Covering the Goulburn and Murray valleys

A wee plan for crops

Human urine could be successfully recycled to fertilise crops, according to civil engineering researchers at the University of Sydney.

August 12, 2014 3:04am

Human urine could be successfully recycled to fertilise crops, according to civil engineering researchers at the University of Sydney.

Senior lecturer at the school of civil engineering and expert in environmental modelling Federico Maggi said there was growing evidence the use of human urine in agriculture was completely viable.

‘‘Our preliminary results indicate that human urine can be effectively used extensively in agriculture to reduce the production and use of mineral commercial fertilisers,’’ Dr Maggi said.

‘‘It contains the highest levels of nutrients among all the human excreta and yields considerable amounts of nitrogen, phosphorus and potassium.

‘‘These are the most essential nutrients for the growth of plants, and substantially all micro-nutrients.’’

The researchers believe the model they have developed could be used to increase the effectiveness of urine fertilisation as well as crop yield, substantially lowering costs in terms of supplied nutrient.

Fiona Tang studied the use of urine during her Bachelor of Civil Engineering degree and said human urine had complex compounds that could be broken down into simpler molecules that plants and crops liked as food sources.

‘‘Soybean, cabbage, cauliflower, for example, flourish with it,’’ Miss Tang said.

As part of her studies, Miss Tang conducted a survey into attitudes towards the use of human urine as a substitute for mineral fertiliser.

She found there was a high acceptance level to its application in agriculture.

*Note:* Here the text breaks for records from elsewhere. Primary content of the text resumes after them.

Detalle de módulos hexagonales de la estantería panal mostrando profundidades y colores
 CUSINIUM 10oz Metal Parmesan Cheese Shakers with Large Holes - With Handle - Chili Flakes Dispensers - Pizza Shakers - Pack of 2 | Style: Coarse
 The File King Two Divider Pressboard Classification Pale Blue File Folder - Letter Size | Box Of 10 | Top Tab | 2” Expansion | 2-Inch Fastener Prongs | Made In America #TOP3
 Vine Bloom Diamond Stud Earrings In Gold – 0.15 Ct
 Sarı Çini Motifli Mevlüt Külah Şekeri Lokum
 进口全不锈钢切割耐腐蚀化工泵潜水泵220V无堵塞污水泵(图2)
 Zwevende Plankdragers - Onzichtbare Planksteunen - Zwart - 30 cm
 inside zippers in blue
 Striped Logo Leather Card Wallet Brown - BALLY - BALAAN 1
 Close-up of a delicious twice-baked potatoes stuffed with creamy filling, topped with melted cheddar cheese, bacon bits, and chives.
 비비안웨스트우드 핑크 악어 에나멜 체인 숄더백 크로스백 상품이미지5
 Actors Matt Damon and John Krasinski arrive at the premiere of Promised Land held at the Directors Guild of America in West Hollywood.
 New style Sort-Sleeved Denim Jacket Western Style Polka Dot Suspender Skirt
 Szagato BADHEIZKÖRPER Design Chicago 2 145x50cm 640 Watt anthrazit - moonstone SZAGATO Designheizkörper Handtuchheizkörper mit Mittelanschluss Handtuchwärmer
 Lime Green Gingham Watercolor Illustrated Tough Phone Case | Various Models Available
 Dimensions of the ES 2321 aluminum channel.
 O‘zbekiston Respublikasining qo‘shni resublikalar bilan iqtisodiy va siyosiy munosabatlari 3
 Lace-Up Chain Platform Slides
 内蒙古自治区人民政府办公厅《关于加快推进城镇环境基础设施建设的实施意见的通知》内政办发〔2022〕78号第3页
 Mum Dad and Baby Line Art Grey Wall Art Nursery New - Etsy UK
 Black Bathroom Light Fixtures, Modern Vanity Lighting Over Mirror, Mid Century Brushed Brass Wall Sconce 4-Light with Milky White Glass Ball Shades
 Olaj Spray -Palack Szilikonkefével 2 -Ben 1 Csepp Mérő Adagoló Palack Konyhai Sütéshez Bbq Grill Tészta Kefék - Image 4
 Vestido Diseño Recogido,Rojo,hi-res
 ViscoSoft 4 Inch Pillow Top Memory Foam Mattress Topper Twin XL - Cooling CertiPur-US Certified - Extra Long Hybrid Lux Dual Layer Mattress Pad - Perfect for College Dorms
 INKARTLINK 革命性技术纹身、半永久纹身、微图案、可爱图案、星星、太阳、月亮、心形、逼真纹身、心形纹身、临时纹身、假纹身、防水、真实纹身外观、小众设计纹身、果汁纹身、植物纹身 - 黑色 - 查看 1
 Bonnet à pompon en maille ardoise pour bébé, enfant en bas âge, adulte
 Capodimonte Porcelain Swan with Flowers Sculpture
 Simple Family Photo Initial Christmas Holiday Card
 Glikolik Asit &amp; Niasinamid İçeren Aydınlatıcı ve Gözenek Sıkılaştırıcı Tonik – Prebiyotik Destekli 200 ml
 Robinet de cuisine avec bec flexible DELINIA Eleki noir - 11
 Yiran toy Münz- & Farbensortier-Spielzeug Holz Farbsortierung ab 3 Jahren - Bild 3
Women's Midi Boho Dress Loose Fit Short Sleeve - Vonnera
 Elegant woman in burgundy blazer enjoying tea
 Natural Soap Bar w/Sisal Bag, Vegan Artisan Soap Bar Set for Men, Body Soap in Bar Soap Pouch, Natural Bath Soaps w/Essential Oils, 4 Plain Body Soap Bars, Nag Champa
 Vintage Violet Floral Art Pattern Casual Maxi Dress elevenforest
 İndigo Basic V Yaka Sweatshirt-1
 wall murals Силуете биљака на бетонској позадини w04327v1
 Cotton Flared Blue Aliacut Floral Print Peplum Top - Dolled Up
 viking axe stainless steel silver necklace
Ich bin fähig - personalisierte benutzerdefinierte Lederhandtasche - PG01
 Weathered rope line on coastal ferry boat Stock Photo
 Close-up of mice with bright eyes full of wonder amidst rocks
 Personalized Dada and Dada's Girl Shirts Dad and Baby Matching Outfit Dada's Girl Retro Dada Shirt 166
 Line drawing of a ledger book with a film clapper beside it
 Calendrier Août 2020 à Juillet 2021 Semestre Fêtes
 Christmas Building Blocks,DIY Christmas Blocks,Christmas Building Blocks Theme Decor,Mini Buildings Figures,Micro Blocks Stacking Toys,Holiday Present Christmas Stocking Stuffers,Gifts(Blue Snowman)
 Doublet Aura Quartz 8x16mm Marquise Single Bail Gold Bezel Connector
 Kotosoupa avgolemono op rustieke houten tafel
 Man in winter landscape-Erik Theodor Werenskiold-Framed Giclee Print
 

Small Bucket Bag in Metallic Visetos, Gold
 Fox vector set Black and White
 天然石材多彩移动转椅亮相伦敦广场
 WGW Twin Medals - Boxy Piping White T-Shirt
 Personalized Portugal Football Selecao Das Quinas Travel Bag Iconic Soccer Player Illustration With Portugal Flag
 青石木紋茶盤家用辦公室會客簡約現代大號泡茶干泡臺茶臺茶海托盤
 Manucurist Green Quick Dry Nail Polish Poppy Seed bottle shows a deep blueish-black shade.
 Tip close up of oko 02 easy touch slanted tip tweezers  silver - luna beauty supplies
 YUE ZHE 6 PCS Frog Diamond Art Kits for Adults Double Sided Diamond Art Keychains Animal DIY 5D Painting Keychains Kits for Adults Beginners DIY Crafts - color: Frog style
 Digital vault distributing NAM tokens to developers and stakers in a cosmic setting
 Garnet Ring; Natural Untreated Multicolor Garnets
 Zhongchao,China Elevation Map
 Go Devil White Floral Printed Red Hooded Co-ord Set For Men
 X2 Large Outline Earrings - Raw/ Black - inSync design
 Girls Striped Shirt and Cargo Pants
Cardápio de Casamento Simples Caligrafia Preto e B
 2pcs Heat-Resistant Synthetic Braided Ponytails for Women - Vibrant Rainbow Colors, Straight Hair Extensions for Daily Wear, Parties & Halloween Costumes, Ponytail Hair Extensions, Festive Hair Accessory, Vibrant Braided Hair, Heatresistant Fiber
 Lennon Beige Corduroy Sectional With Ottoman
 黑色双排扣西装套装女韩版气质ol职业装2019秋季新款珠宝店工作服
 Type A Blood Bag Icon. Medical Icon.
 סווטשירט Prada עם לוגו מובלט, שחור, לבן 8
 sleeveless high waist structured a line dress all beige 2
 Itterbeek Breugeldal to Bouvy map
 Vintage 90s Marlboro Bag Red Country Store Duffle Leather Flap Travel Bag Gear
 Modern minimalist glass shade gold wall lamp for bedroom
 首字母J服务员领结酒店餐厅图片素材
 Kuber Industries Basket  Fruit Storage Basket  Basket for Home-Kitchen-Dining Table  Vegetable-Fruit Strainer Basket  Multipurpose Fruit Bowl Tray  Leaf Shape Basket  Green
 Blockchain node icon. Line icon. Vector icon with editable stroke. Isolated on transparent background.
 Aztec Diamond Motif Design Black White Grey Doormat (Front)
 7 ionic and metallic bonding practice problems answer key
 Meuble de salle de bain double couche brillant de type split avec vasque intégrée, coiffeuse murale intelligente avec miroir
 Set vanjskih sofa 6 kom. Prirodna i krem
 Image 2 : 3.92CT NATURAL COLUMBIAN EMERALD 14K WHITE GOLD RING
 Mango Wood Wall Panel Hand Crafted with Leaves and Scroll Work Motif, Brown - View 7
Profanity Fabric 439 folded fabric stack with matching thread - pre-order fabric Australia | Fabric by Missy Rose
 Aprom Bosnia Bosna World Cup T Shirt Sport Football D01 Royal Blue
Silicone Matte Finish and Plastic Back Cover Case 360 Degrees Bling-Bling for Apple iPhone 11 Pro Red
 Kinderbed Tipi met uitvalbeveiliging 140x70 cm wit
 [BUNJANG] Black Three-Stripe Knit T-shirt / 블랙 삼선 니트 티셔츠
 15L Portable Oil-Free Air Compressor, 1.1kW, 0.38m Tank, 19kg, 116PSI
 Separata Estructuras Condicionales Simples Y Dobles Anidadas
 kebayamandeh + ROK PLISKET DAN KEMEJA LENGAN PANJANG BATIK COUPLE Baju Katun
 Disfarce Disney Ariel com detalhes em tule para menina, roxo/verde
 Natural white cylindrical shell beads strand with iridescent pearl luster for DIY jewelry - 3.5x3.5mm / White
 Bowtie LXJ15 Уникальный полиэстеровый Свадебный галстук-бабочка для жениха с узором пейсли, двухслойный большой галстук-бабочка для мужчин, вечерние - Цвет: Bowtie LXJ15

‘‘Human waste has been used as organic fertiliser since ancient times. Its use in agriculture is still commonly practised in many areas around the world, including parts of South-East Asia and Africa,’’ Miss Tang said.

‘‘Over 70 per cent of the respondents in the survey were very positive towards the idea of applying human urine in agriculture and were willing to buy and consume crops grown by urine-based fertiliser.’’

She said extensive reliance on mineral fertiliser was consuming copious amounts of fossil energy and mineral resources.

‘‘Phosphorus, especially, is depleting and some studies have revealed the reserves of phosphate rock that are economically exploitable will only last for about 100 years at current extraction rates.

‘‘Recycling nutrients from human urine is a promising solution to the depletion of mineral resources.’’

The researchers said it would be possible to design a toilet system that separated human waste at the point of deposit.

‘‘Years ago society baulked at the idea of separating their household waste into recyclable and non-recyclable bins, now in Australia it is second nature,’’ Dr Maggi said.